[BYOC] Use pattern language to create composite functions

comaniac · May 19, 2020, 5:36pm

Since the pattern language has been merged, we are planning to rewrite MergeComposite pass for BYOC with it.

Brief Introduction to Merge Composite Pass

BYOC is designed to help 3rd party codegen and accelerators integrate into TVM. Since 3rd party accelerator may have a specialized and powerful instruction to deal with multiple operators (e.g., conv2d+add+relu), the first pass in BYOC is to fuse those operators to a separate function and annotate the function with the instruction name. As a result, the external codegen can easily replace the entire function with a single instruction.

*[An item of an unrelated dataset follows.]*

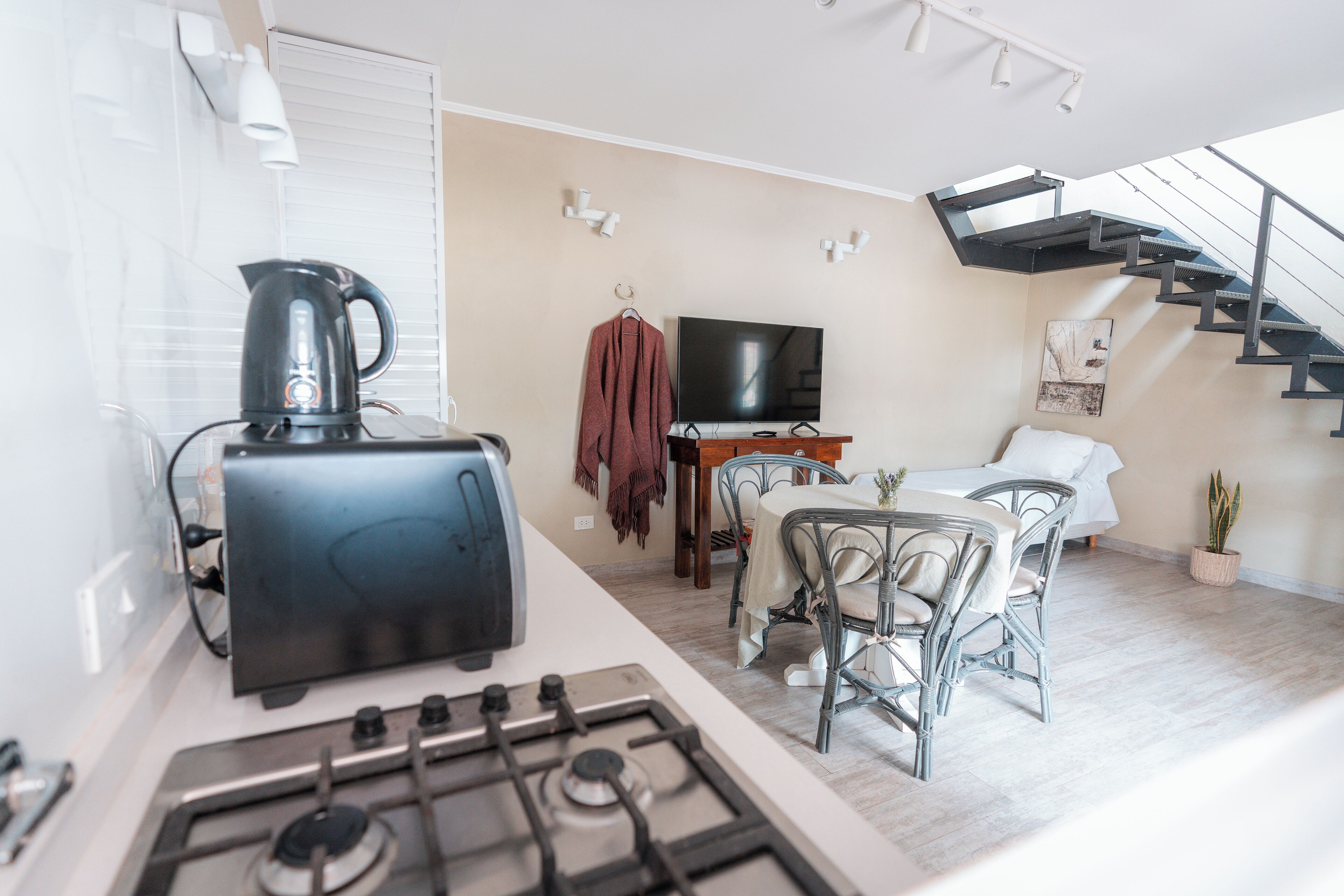 Una cocina moderna con estufa a gas, hervidor y tostadora. Hay un comedor con mesa y sillas, un televisor y una escalera.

Reasons to Use Pattern Language

The current implementation of MergeComposite pass accepts a user-specified map such as {'my-inst': graph}, where graph is a small Relay program used as a pattern. More detail use cases can be found in the unit test:

github.com

apache/incubator-tvm/blob/master/tests/python/relay/test_pass_merge_composite.py

# Licensed to the Apache Software Foundation (ASF) under one
# or more contributor license agreements.  See the NOTICE file
# distributed with this work for additional information
# regarding copyright ownership.  The ASF licenses this file
# to you under the Apache License, Version 2.0 (the
# "License"); you may not use this file except in compliance
# with the License.  You may obtain a copy of the License at
#
#   http://www.apache.org/licenses/LICENSE-2.0
#
# Unless required by applicable law or agreed to in writing,
# software distributed under the License is distributed on an
# "AS IS" BASIS, WITHOUT WARRANTIES OR CONDITIONS OF ANY
# KIND, either express or implied.  See the License for the
# specific language governing permissions and limitations
# under the License.
"""Unit tests for merge composite."""
import tvm
from tvm import relay
from tvm import tir

This file has been truncated. show original

On the other hand, using a Relay program as a pattern causes lots of limitations. Basically all motivations specified in the pattern language ([RFC][Relay] Program Matching for Relay Pt 1: A pattern language) are applicable.

Proposal and POC

Accordingly, we propose to use pattern language for MergeComposite. It’s simple, robust, and more general. For example, I’ve written a POC of MergeComposite in pattern language. As can be seen, we only need less than 100 lines to achieve the same functionality.

gist.github.com

https://gist.github.com/comaniac/1f399dfdfee05a2f7a087c65c21f550c

pattern_lang_composite_pass.py

import tvm
from tvm import relay
from tvm.relay.dataflow_pattern import *

class ExtractArgs(tvm.relay.ExprMutator):
    # Mutate the graph to replace the matched graph input with new vars.
    def __init__(self, mapped_vars):
        super(ExtractArgs, self).__init__()
        self.mapped_vars = set(mapped_vars)
        self.vars = []

This file has been truncated. show original

The above POC includes two solutions.

Pattern.Partition

Thiis is a builtin functionality of pattern language that partitions the matched subgraph to a separate function. However, this builtin function doesn’t allow users to specify function attributes, so we cannot add Composite = inst.

PatternCallback

Another solution uses callback functions to manually create composite functions. The problem with this solution is that we need an extra visit to mutate the Relay graph in order to create the function.

Discussion

While we prefer the first solution that uses pattern.partition(), we need to figure out how to add the composite attribute.

S.1: Enhance Partition

A straightforward approach is enhancing pattern.partition to accept more configurations.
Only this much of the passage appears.